Abstract

Cleome viscosa L. (Cleomaceae) is an important traditional medicine of the Indian-Ayurvedic and Chinese-medicine system documented for rheumatic arthritis, hypertension, malaria, neurasthenia, and wound healing. The plant is also known as Asian spider flower and is distributed throughout the greater part of India. The present study explored the wound healing property of C. viscosa methanol extract (CvME) and its related mechanism using Wistar rat cutaneous excision wound model. Wound contraction rate, hydroxyproline quantification, and histopathological examination of wound granulation tissue were performed. The healing potential was comparatively assessed with a reference gentamicin sulfate hydrogel (0.01% w/w). Western blot for COL3A1, bFGF, and Smad-2, Smad-3, Smad-4, and Smad-7 was performed with 7-day postoperative granulation tissue. Results revealed that the topical application of CvME (2.5% w/w) significantly accelerated the wound contraction rate (95.14%, 24 postoperative days), increased the hydroxyproline content (3.947 mg/100 mg tissue), and improved histopathology of wound tissue as compared to control groups. Western blot analysis revealed that CvME significantly upregulated the expression of COL3A1 and bFGF and increased the Smad-mediated collagen production in granulation tissue. These findings suggest that C. viscosa promoted the wound repair process by attenuating the Smad-mediated collagen production in wound granulation tissue.

1. Introduction

Cutaneous wound is a physical injury that results in structural and functional discontinuity of skin tissue, and healing is a tangled tissue restorative process that involves distinct, overlapping phases of homeostasis, inflammation, proliferation, and tissue remodeling [1, 2]. Healing cascade starts from the moment of injury and involves continuous cell-cell and cell-matrix interactions till tissue remodeling of the scar. Blood coagulation at injury site provides temporary fibrin scaffold matrix, which hosts the infiltrating cells and serves as a reservoir of various growth factors and cytokines. Brief initial vasoconstriction at the injury site favors homeostasis and late vasodilation prompts the extravasations of inflammatory cells (neutrophils and macrophages) to remove the nonfunctional cells and destroy the invading infections [2, 3]. Proliferation phase initiated by macrophages involves the formation of granulation tissue and neovascularization. During the final remodeling phase of wound healing, the newly formed collagen fibers cross-link with other structural protein components and contribute to the strength of the scar tissue.

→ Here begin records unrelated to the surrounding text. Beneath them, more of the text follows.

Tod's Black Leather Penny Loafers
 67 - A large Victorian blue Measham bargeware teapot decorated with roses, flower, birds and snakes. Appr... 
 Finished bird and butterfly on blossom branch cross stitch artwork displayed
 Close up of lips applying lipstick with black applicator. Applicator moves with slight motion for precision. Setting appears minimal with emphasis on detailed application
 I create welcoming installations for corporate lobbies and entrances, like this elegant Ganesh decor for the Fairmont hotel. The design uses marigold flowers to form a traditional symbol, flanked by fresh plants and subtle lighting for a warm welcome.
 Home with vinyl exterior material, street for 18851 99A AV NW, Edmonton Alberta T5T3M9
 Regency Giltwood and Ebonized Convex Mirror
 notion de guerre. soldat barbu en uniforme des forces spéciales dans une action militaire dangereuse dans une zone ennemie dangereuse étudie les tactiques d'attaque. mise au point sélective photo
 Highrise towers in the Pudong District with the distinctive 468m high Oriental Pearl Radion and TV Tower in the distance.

Cleome viscosa L. (Cleomaceae) is a sticky herb with yellow flowers, which resembles to mustard, and is distributed throughout the greater part of India. The plant is an important traditional medicine of the Indian-Ayurvedic and Chinese-medicine system for rheumatic arthritis, hypertension, malaria, neurasthenia, and snakebite [46]. Various scientific investigations revealed analgesic-antipyretic, anti-inflammatory, hepatoprotective, hypoglycemic, anthelmintic, and antidiarrhoeal activity of C. viscosa [4, 710]. Panduraju et al. [11] reported the topical application of C. viscosa extract accelerated the wound healing in Wistar rat with significant wound contraction rate. Our previous experimental findings showed that methanol extract of C. viscosa (CvME) possesses potent antioxidant, antimicrobial, and fibroblast proliferation properties as compared to petroleum ether, chloroform, and water extracts [12]. However, to rationalize the wound healing activity of C. viscosa, some major supportive evidences of efficacy such as histopathological examination, estimation of growth factors, and effect on collagen production in healing tissue are yet to be investigated. Therefore, the present study aims to evaluate the C. viscosa inducedalteration in fibroblast growth factor and its effect on Smad-mediated collagen (type III) production in Wistar rat excision wound model.

2. Materials and Methods

2.1. Reagents and Chemicals

Glycine, phenazine methosulfate fluoride (PMSF), Bradford reagent, and Tris-HCl were purchased from Sigma (Sigma Chemical Co., USA). Carbopol 934, propylene glycol, gentamicin sulfate, l-hydroxyproline, and p-dimethyl-amino-benzaldehyde were obtained from Himedia (Himedia Pvt. Labs., India). bFGF, COL3A1, Smad-2, Smad-3, Smad-4, and Smad-7, and β-actin primary and secondary antibodies and BCIP- (5-bromo-4-chloro-3′-indolyphosphate p-toluidine salt-) NBT reagents were procured from Santa Cruz (Santa Cruz, USA). PVDF membrane was from Millipore (Millipore Corp., USA) and Western Max-HRP-Chromogenic detection kit was purchased from Amresco (Amresco, USA). All other chemicals and reagents not mentioned were of the analytical grade.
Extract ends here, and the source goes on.